(Records supplied):

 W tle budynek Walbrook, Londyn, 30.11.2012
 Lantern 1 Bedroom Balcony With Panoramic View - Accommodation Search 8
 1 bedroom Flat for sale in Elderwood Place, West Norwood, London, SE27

--

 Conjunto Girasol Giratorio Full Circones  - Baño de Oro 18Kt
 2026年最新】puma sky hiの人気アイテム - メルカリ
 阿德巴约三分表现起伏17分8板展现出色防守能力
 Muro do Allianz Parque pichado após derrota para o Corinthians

(Task details):
There is a run of lines above from the one with "W tle budynek Walbrook, Londyn, 30.11.2012" to the one with "1 bedroom Flat"; print exactly that run, both ends included, and nothing else.

(Answer box):
 W tle budynek Walbrook, Londyn, 30.11.2012
 Lantern 1 Bedroom Balcony With Panoramic View - Accommodation Search 8
 1 bedroom Flat for sale in Elderwood Place, West Norwood, London, SE27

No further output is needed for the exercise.